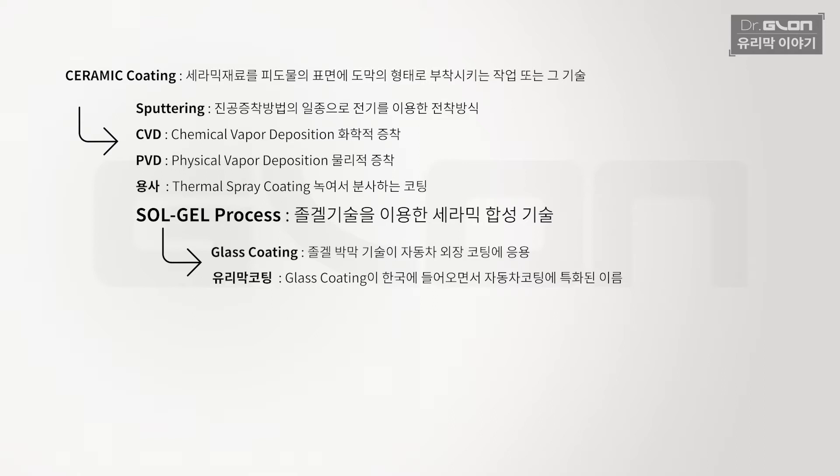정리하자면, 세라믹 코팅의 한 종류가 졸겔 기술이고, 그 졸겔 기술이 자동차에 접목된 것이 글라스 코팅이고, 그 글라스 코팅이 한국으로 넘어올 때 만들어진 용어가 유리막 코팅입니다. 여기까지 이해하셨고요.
* * *
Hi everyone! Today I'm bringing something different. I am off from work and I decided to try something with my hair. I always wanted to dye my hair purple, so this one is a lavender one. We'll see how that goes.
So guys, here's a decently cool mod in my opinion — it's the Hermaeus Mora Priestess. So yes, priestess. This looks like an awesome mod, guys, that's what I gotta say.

_Problem requirements_
Could you set down, exactly as written, the lines above between the one holding "Hi everyone! Today" and the one holding "So guys, here's", inclusive, and nothing more?

_Answer section_
Hi everyone! Today I'm bringing something different. I am off from work and I decided to try something with my hair. I always wanted to dye my hair purple, so this one is a lavender one. We'll see how that goes.
So guys, here's a decently cool mod in my opinion — it's the Hermaeus Mora Priestess. So yes, priestess. This looks like an awesome mod, guys, that's what I gotta say.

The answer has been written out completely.